>>>
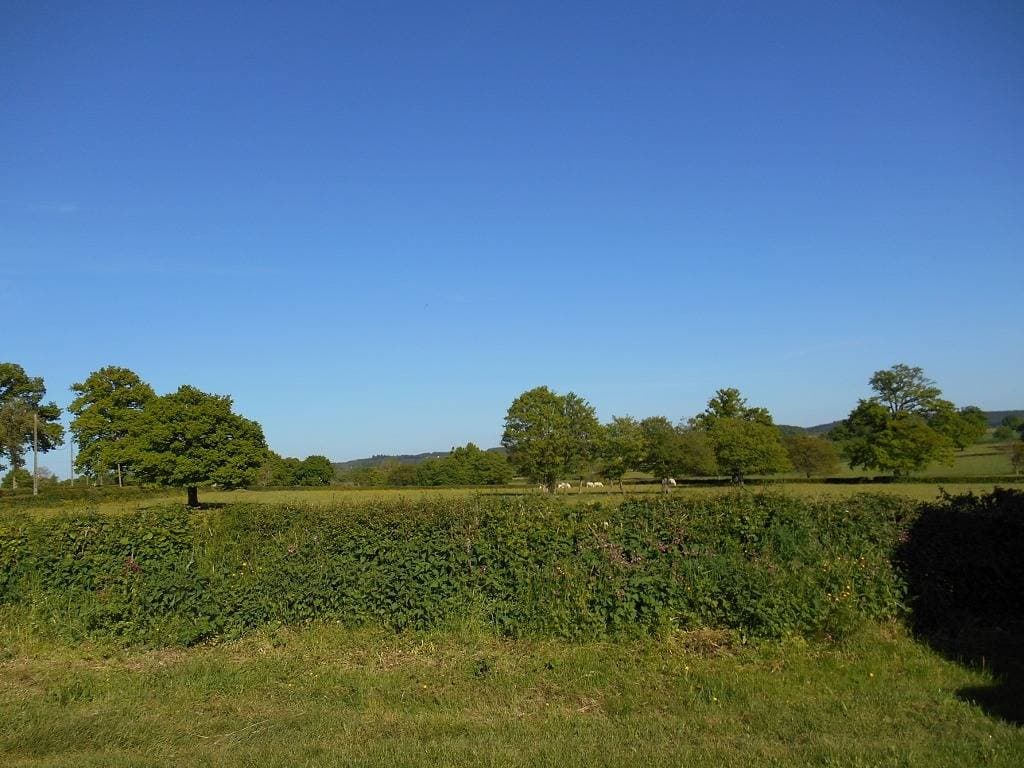 Foto 5 von 16: Gîte du Pallat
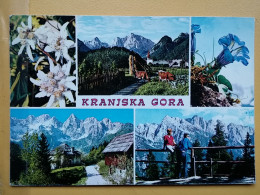 KOV 19-8 - KRANJSKA GORA, Slovenia, Flower, Fleur Edelweiss - Slovenia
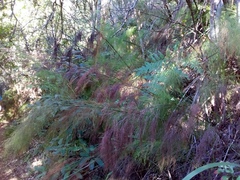 Restio quadratus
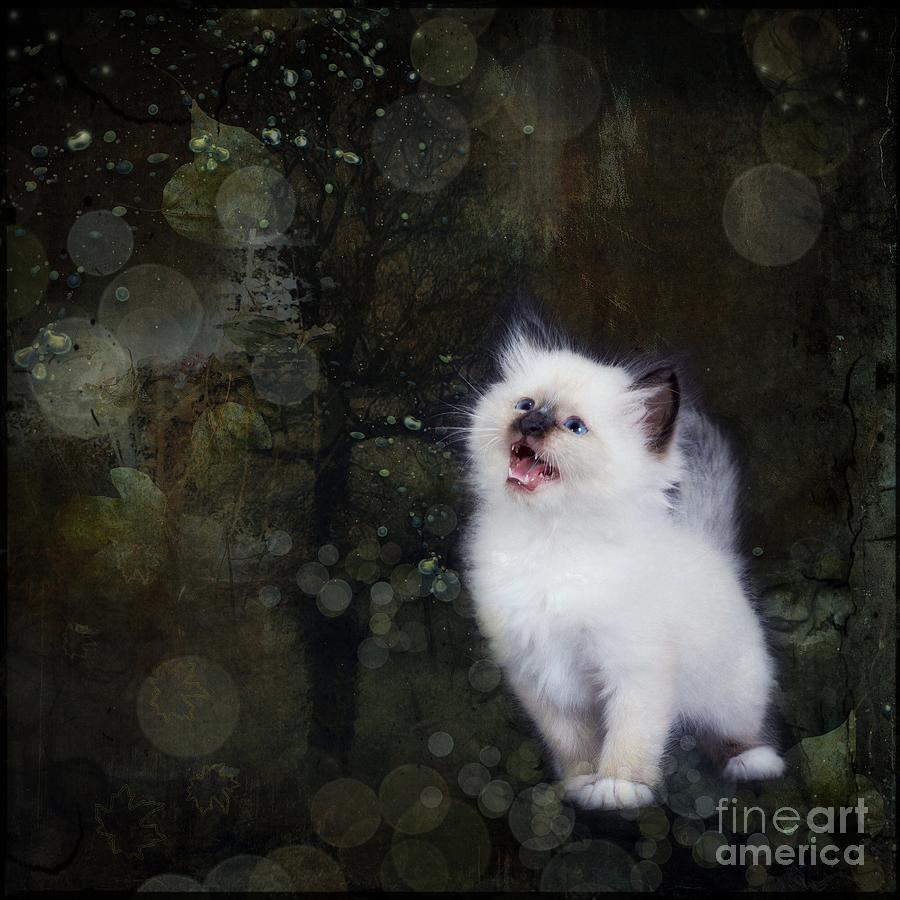 Cat Digital Art - Royal Cats by Monique Hierck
<<<
* Work to be completed: Omit the pictures and reproduce the remaining material above exactly.

* Final answer:
 Foto 5 von 16: Gîte du Pallat
 KOV 19-8 - KRANJSKA GORA, Slovenia, Flower, Fleur Edelweiss - Slovenia
 Restio quadratus
 Cat Digital Art - Royal Cats by Monique Hierck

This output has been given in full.